An example of an "autoharp arrangement" with, according to this rule, no chord symbols at all, because not needing any, is the "Badnerlied", the anthem of the former Grand Duchy Baden, see row with ID "Baden" in the German songs sub-table.
Of course, deviation from Rule 1 is called for sometimes, e.g. if the chord progression demands a IV chord for the 4th step note or, for another example, a V7 seems most suitable for a step 5 note or a IV chord for a step 1 note. Then I explicitly indicate such a chord.
(Concrete instances of the last two examples can be found (in row with ID "Klage" in the German songs sub-table) in the arrangement of "Schfers Klage", cf. measures 6 and 7.)
Giving chords explicitly is sometimes necessary when the tune contains out-of-scale notes, but here often applies Rule 3 below.
And last but not least there is the aspect of "colouring" a tune by using chords other than the usual I, IV and V7. (An example is the use of Am instead of D7 in measures 13 and 14 in "Schfers Klage".)
With the designation of a key its scale is also referred to, and so are the notes within that scale. This tautology translates to concrete operational help when applied to playing a chromatic autoharp with a 3-row chord buttons layout where the chords within a row are sequenced according to the Circle of Fifth and a proper relationship is provided for among the rows of majors, sevenths and minors (whatever the rows' relative position might be).
In other words, the key designation determines where I position the fingers of my chording hand. And this is particularly so, when the key designation changes within a tune.
Cf. for example the tune "Schlaf wohl, du Himmelsknabe du" (in row with ID "undet #2" in the Christmas sub-table): The tune is in the key of G but for the measures 7 (where the tune jumps to the key of A) and 8 (where it returns with a stopover on the key of D).

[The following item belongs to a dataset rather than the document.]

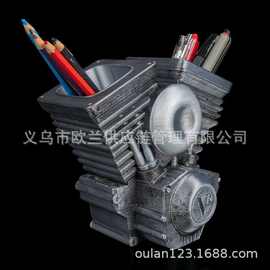 跨境机械朋克 V2 发动机笔筒 工业风办公桌面收纳架155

With explicitly pointing out the tune's intermediate modulation (or tonicization, the shifting of the tonic) it is, according to Rule 1, clear beyond any doubt that the chord for playing the _b_ notes in measure 7 must be the E7 chord and, for the _a_ and _c#_ notes, the A chord. Designating the key of D for measure 8 has double effect: It demands the D chord for the _d_ notes and, equally important, it suggests using the "tonic finger" for pressing the D chord and thus enabling with just a one position move of that finger pressing the G chord for playing the _d_, the first note in measure 9. (The G chord is here exactly the right one, following Rule 1.) And the tonicization in measure 11, the shift of the tonic to C, has a double effect: It causes the _b_ and _g_ notes in the measure to be played from the G7 chord and the _c_ note to be played from the C chord. (Without that tonicization marking those notes would be played from the G and D7 chords, respectively.)

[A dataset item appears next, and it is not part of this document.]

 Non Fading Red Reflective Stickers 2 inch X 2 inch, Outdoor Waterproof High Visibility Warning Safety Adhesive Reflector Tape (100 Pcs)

In general, designating the key properly, particularly for temporary key changes, may save doubly: accidentals in the staff as well as chord symbols above the staff. While not all accidentals and, consequently, the chord symbols can be discarded this way, recognising and acknowledging tonicization is, according to my observation, the remedy for at least 80 % of accidentals in the Western (popular) music of the past 400 years.

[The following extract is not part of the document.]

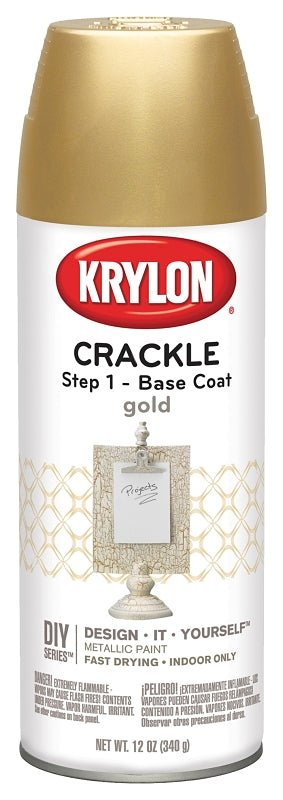 Krylon K08410007 Metallic Spray Paint, Metallic, Gold, 12 oz, Can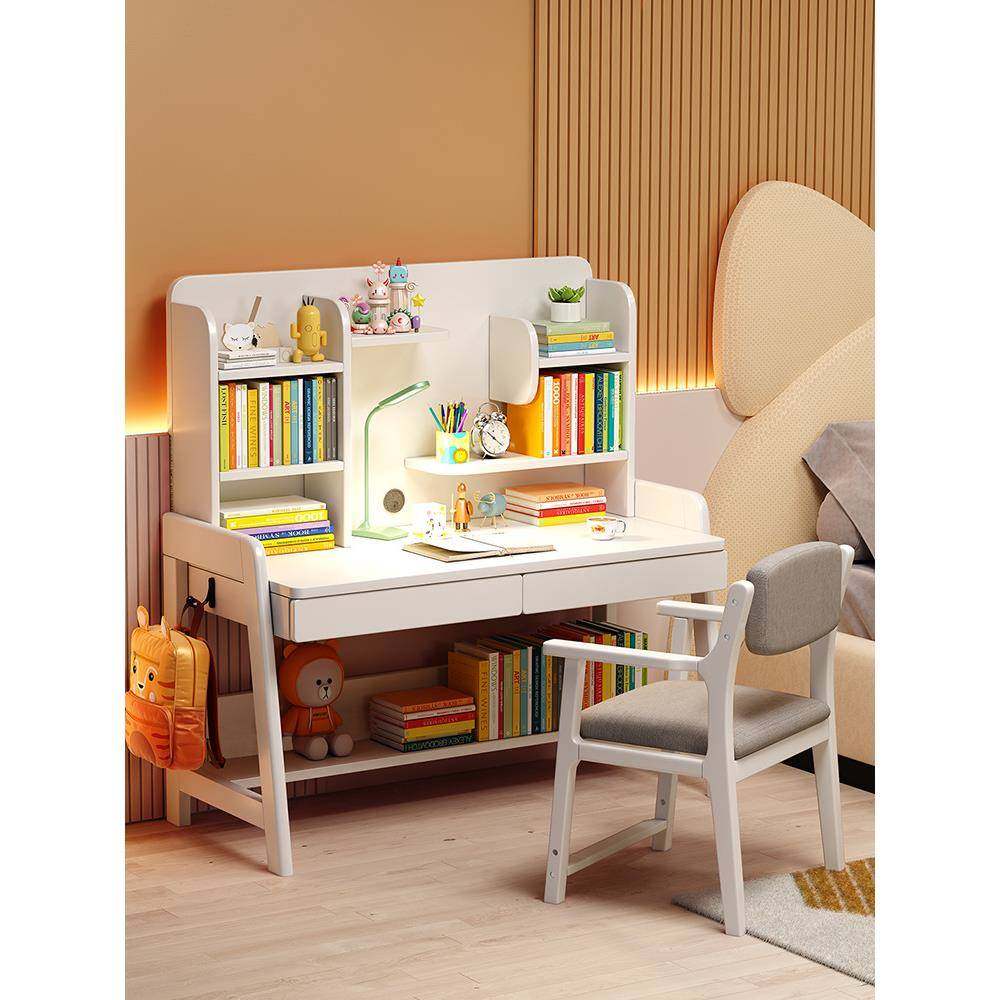 爱果乐童学习桌实咨询客服木孩小学生学习桌桌书家用女写字儿桌卧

An example, where the recognition of a temporary modulation actually introduces accidentals in the staff, can be found in the sheet music for "Mountain Song" (in row with ID "Italian #1" in the main table): By changing the key designation for the staves beginning with measures 33 and 37, respectively, a natural sign became necessary in measure 38 -- and thus we have a logical explanation for the feeling that the Em chord is most appropriate for the _g_ notes in that measure!
Summarising, Rule 3 together with Rule 1 provides an extremely good guess which chords are to be assigned for melody playing a tune with out-of-scale notes.
Modal tunes tend to be rather tricky, and this is true especially for the minor modes (natural, harmonic, melodic). So I do not rely on giving the mode, instead I always explicitly assign all the chords for modal tunes.
And this concludes my short (!) note.